There will always be a first mover advantage, IGD contends, and learning from each other is crucial to the meeting the critical issues of the future.

In the UK, for instance, IGD has worked with 37 companies to take 80 million kilometres of truck journeys off the roads through techniques like speed dating for trucks … and we’re aiming to double that figure by the end of next year. And Australia, given the land mass, might be able to achieve much more.

Step Four
The staggering amount of food which goes to waste each year is enough to make anyone gasp.

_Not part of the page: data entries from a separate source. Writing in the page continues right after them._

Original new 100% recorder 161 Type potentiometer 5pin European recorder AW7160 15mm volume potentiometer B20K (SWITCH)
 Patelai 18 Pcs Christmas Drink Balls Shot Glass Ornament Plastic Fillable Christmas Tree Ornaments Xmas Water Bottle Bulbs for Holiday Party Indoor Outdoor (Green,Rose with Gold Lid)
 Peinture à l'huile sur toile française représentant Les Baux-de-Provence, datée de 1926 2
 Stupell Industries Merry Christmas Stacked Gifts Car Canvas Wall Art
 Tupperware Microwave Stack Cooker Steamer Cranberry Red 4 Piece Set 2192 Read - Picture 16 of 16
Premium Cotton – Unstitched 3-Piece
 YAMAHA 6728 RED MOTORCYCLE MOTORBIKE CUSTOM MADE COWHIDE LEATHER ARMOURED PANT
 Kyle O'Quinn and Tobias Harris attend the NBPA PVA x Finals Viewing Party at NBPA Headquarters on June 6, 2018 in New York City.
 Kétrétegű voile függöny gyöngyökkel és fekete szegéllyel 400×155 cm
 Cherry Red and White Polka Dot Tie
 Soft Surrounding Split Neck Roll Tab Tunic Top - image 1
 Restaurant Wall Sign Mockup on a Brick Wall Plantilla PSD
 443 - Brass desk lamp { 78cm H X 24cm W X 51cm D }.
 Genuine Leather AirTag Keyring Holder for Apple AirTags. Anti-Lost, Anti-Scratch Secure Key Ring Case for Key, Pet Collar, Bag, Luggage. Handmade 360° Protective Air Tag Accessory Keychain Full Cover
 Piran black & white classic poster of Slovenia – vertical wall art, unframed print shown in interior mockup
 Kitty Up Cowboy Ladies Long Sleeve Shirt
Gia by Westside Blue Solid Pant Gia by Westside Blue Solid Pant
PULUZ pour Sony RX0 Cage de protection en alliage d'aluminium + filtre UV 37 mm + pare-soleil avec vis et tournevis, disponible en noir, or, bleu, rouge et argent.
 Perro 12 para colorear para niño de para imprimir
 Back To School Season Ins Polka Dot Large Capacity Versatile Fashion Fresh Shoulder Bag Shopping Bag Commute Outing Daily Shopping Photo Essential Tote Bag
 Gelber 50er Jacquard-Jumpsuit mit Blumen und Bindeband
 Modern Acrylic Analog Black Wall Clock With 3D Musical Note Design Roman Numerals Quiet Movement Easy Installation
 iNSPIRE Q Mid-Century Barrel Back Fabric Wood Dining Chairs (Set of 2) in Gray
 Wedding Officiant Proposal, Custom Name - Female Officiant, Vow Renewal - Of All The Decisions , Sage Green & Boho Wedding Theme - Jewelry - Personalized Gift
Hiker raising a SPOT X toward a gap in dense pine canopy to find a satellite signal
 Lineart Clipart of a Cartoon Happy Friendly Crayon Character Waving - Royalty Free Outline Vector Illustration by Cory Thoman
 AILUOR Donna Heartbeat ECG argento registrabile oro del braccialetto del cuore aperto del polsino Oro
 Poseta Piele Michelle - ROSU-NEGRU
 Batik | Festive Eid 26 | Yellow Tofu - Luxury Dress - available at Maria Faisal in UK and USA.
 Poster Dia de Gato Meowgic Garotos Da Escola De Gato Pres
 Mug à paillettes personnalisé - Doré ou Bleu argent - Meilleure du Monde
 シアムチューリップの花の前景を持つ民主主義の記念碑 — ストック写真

Ms Denney-Finch advised that A$20b worth of food was wasted in the UK alone.

“IGD has studied 33 of the best supply chains from end to end in the UK and we found that on average, 20% of costs in the chain add no value … waste in other words,” she said. “And that waste is often greater than the total profit through the supply chain.”

Companies must address every section of their business to define the waste they create and, ultimately, rid themselves of waste.

“For instance Heinz has saved 1400 tonnes of steel by developing a new “easy open end can,” IGD’s CEO noted. “United Biscuits reduced its packaging waste by 7000 tonnes over three years by recycling, lightweighting and using new materials.”

“Innocent, which manufactures fruit drinks, has cut the carbon emissions to produce a bottle of smoothie by 57%. It helped its growers to use inputs more sparingly and precisely, developed a 100% recycled plastic bottle, saved 10% of its energy bill in six months and found practical uses for all of its waste products.”

Other highlights in the industry were supermarket chain Sainsbury’s investment to convert all its food waste into power through anaerobic digestion, Nestlé uses coffee grounds as a fuel and PepsiCo does similar with left over oat husks.

Step Five
“Shockproofing” the system is vital, but has yet to be achieved.

“Worldwide, wheat yields have tripled since the 1960’s. Yields for rice and maize are up two and a half times over the same period. And soybean yields have doubled,” Ms Denney-Finch noted. “But this progress has come at a price: the intensive use of water, energy and agri-chemicals.”

Many countries have reduced or discounted the need for strategic food reserves, while most companies – working on Just-In-Time supply chain principles – have minimised stock as much as possible.

“When we look ahead and consider how fragile food supply can be, this might need a rethink,” she suggested. “You are best-placed to decide how to make your food chain more shockproof. You might want to build some stocks, hedge on futures markets or spread your risks by sourcing more widely.”

Step Six
The penultimate step is to use the rapidly improving technology available to raise productivity. We need to reap more but use less energy, water and chemicals.

“In the US it takes about ten calories of fossil fuel energy to deliver one calorie of food to the shopper,” Ms Denney-Finch told the audience. “We have to begin weaning ourselves off dependence on oil and, for food supply, the challenge is urgent.”

Tesco is investing A$170m this year in energy savings, while UK competitor Asda  is using natural lighting and natural ventilation instead of air conditioning and has even tapped into a geothermal source for heating at one store.

Denney-Finch also touched on the GM debate, with the issue needing to be resolved one way or another so the industry can be move forward.

“We need to decide what’s acceptable and what isn’t … once and for all so that our scientists can get on with the job of developing the crops we need,” she said.

Step Seven
The final step toward sustainability involves consumers, who must be involved in the movement.

“For many, change will be traumatic and we must take care to inform, to persuade and to enthuse,” the Highland 2009 attendees were informed. “To make them our allies in the process rather than dragging them along. For this, trust will be our most important asset and transparency should be our watchword.”

“The challenges ahead of us are daunting. But we can and must tackle them,” Ms Denney-Finch concluded.